These theories certainly summarize indirect observations (e.g. certain
gravitational effects) as you state. But they do this by assuming
fundamentally new entities that have never been observed and certainly
not repeatedly so. Homogeniety has never been observed even once, so the
question of repeated observations does not even arise. There is thus a big
gap between the hypothetical entities of these theories and observations.

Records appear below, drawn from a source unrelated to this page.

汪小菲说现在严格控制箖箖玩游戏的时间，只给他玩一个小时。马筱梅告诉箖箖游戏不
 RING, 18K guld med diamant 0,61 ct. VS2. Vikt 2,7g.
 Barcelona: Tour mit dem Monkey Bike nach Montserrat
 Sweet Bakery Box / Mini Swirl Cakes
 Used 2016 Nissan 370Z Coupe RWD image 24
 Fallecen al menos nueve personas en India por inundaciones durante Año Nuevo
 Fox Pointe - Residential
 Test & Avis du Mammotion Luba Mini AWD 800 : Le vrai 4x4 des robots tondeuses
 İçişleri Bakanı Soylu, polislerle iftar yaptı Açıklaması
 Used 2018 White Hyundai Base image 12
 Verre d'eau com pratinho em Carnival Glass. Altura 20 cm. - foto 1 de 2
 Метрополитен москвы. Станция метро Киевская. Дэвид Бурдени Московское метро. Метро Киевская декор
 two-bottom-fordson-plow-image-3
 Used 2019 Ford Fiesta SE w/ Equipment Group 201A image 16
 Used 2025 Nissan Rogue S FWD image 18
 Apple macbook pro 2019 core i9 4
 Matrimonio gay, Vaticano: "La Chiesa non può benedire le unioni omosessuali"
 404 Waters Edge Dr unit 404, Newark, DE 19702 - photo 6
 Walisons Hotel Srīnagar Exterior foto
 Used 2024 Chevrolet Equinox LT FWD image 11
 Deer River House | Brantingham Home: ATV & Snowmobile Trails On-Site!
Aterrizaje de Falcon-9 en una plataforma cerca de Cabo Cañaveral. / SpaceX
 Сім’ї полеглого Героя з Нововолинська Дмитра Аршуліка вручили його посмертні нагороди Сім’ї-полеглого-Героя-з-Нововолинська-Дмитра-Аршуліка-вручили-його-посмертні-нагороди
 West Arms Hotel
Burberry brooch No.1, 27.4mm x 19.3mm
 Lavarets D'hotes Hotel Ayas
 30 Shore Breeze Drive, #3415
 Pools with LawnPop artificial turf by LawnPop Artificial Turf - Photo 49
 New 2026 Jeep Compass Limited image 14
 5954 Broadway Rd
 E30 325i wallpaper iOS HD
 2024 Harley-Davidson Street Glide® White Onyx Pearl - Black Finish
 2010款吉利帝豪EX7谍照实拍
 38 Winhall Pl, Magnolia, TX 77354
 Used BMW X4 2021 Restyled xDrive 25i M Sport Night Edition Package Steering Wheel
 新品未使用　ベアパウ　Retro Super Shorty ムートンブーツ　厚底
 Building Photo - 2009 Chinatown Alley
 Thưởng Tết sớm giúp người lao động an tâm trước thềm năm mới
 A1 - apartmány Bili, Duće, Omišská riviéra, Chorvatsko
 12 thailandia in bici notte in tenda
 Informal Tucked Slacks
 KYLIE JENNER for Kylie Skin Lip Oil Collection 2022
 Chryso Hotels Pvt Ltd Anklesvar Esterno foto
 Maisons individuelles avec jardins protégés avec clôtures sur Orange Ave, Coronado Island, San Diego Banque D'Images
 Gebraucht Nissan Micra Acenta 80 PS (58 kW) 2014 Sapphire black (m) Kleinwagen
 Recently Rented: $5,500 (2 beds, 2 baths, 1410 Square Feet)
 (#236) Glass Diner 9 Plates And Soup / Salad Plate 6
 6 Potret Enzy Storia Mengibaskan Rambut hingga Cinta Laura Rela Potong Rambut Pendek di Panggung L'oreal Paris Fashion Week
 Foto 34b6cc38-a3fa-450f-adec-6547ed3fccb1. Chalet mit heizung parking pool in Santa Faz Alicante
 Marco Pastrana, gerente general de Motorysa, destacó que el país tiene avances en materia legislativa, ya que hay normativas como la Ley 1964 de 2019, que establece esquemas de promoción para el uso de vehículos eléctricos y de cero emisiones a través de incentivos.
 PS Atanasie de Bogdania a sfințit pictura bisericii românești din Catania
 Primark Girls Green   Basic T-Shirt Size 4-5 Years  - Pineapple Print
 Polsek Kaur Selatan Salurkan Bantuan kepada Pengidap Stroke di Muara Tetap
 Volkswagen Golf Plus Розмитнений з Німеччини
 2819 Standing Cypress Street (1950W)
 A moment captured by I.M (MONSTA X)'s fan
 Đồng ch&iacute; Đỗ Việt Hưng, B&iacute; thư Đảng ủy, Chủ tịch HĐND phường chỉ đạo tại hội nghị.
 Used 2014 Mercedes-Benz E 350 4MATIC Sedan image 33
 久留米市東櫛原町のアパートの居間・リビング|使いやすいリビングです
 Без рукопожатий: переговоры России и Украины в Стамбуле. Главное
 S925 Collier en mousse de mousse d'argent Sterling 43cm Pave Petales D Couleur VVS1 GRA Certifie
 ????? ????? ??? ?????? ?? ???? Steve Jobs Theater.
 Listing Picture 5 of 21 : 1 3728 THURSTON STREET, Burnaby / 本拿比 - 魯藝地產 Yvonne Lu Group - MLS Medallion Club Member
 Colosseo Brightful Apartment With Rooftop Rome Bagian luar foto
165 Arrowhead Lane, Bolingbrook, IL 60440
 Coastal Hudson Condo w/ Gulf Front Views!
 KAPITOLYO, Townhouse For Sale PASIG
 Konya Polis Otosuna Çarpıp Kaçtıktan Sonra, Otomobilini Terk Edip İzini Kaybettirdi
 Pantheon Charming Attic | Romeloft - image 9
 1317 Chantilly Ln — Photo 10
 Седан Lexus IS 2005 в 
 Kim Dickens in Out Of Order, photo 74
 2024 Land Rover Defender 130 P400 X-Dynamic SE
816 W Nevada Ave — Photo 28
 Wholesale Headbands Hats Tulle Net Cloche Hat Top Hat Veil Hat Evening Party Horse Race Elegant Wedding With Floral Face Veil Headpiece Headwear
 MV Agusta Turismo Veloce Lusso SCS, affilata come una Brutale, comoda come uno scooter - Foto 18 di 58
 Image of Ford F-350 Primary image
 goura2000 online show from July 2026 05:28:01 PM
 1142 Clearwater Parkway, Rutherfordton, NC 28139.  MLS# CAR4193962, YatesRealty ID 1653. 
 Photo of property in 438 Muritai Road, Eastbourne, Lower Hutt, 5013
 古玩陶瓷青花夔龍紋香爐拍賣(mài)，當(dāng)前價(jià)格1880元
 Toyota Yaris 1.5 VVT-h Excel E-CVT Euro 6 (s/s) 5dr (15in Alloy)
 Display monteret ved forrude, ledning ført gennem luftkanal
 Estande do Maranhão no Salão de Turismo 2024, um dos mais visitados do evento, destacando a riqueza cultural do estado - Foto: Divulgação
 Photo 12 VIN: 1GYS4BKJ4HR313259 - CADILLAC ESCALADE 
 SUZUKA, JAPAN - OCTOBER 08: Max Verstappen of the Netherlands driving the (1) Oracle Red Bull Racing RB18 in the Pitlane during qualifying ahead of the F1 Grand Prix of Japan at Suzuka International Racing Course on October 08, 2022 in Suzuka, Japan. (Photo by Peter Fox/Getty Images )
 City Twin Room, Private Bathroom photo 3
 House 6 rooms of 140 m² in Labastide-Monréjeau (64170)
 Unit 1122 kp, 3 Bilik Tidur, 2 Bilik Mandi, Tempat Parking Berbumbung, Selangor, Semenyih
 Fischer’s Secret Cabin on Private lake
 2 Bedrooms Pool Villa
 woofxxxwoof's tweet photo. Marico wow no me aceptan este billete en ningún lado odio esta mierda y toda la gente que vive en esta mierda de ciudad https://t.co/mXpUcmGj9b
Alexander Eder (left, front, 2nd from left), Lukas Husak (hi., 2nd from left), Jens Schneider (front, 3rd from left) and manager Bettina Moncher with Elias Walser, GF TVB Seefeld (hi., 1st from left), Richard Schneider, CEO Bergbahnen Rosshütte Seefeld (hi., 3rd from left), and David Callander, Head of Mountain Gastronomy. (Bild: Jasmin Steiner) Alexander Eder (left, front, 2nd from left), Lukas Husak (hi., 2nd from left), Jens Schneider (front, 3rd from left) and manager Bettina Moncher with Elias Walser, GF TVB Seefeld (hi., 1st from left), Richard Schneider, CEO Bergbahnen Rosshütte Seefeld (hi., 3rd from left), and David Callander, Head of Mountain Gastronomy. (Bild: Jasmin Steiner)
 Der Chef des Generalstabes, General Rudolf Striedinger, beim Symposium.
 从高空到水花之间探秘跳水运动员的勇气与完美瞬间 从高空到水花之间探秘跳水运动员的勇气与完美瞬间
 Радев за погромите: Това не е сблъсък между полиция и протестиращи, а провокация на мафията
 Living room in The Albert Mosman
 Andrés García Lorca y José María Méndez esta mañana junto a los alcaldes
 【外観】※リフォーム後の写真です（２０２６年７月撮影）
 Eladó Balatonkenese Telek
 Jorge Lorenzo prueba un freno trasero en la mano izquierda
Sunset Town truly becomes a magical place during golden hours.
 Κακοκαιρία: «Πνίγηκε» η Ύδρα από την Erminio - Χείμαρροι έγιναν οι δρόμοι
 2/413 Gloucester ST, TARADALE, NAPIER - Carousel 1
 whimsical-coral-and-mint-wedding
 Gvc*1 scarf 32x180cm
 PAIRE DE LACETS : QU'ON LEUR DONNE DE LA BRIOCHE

Dark matter (very different from regular matter) is supposed to account
for almost all the matter in the universe but it has not yet been directly
detected (e.g. by its emitted radiation) as is the case with other matter.
If it does exist it resolves a number of inconsistencies in the big bang
theory, taken together with a host of other assumptions such as the
cosmological principle. Notice that the cosmological principle itself
includes homogeneity (the assumption that the universe is isotropic from
any other galaxy in space).

As I write this, dark matter might suddenly be observed and repeatedly so.
But until then, it is off the scale, i.e. it is in a totally different
category from repeatable/observable data or extrapolations from something
that was observed. A theory based on such non-observable entities
is more vulnerable to future experiments than theories closer to the
observable-repeatable experimental core.

As an additional point on the reliability of current dating theories there
are some very puzzling and stubborn anomalies. As an example, in 2002,
the journal Astronomy & Physics reported (apparently) physically connected
objects in space with vastly different redshifts which the authors term
"the most impressive case of a system of anomalous redshifts discovered
so far", which means that these connected objects supposedly at the same
distance from us have vastly different redshifts. This anomaly was first
reported by Arp in 1971. The report says that the actual anomaly is in
fact much greater than the one originally reported in 1971. Perhaps these
anomalies will be explained in the future, but if not, even Hubble's Law,
a foundation of current big bang theories and the age of the universe,
may be quite vulnerable. [Lףpez-Corredoira, M. and C.M. Gutiיrrez, Two
emission line objects with in the optical filament apparently connecting
the Seyfert galaxy NGC 7603 to its companion. Astronomy & Astrophysics,
2002. 390(L15-18).]

To repeat a previous post, the letter from 33 scientists (in New
Scientist 2004) states that: "The big bang today relies on a growing
number of _hypothetical_ entities, things that we have _never observed_
-- inflation, dark matter and dark energy are the most prominent
examples. Without them, there would be a fatal contradiction between
the observations made by astronomers and the predictions of the big bang
theory. In no other field of physics would this continual recourse to new
_hypothetical_ objects be accepted as a way of bridging the gap between
theory and observation. It would, at the least, raise serious questions
about the validity of the underlying theory. But the big bang theory
can't survive without these fudge factors. Without the hypothetical
inflation field, the big bang does not predict the smooth, isotropic
cosmic background radiation that is observed, because there would be
no way for parts of the universe that are now more than a few degrees
away in the sky to come to the same temperature and thus emit the same
amount of microwave radiation ... ".

I repeat the Brittanica definition: "In the case of scientific theories,
however, some of the terms commonly refer to things that are not observed.
Thus, it is evident that theories are imaginative constructions of the
human mind-the results of philosophical and aesthetic judgments as well
as of observation-for they are only suggested by observational information
rather than inductively generalized from it."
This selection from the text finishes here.